- Bakshirhat Location in West Bengal, India Bakshirhat Bakshirhat (India)
- Coordinates: 26°19′42″N 89°45′32″E﻿ / ﻿26.328199°N 89.758893°E
- Country: India
- State: West Bengal
- District: Cooch Behar
- Time zone: UTC+5:30 (IST)
- PIN: 736131 (Bakshirhat)
- Telephone/STD code: 03582
- Vehicle registration: WB
- Lok Sabha constituency: Alipurduars
- Vidhan Sabha constituency: Tufanganj
- Website: coochbehar.gov.in

= Bakshirhat =

Bakshirhat is a Town in the Tufanganj II CD block in the Tufanganj subdivision of the Cooch Behar district in the state of West Bengal, India.

==Geography==

===Location===
Bakshirhat is located at .

Bakshirhat is not identified in 2011 census record as a separate inhabited place but the place has a post office and a police station by that name.
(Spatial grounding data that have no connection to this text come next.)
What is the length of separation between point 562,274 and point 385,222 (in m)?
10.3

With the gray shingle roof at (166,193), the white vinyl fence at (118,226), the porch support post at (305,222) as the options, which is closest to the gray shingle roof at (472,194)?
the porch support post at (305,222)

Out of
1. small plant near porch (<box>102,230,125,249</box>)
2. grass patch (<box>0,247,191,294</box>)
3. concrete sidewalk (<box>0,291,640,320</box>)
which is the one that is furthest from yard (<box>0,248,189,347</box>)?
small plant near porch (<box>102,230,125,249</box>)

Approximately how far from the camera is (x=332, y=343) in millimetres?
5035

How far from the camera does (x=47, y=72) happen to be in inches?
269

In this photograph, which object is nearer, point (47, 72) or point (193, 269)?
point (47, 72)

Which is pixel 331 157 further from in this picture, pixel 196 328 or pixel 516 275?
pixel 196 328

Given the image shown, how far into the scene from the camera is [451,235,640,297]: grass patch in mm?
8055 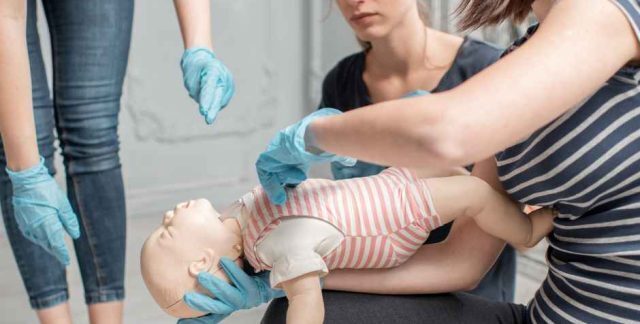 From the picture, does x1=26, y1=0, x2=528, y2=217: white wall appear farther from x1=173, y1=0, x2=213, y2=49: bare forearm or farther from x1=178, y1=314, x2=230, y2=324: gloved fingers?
x1=178, y1=314, x2=230, y2=324: gloved fingers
Census maps do not show Bakshirhat police station, but it is mentioned in Cooch Behar police records. Google maps show both Chhota Laukuthi and Bakshirhat as adjacent places. (Please see references given below)

===Area overview===
The map alongside shows the eastern part of the district. In Tufanganj subdivision, 6.97% of the population lives in the urban areas and 93.02% in the rural areas. In Dinhata subdivision 5.98% of the population lives in the urban areas and 94.02% in the urban areas. The entire district forms the flat alluvial flood plains of mighty rivers.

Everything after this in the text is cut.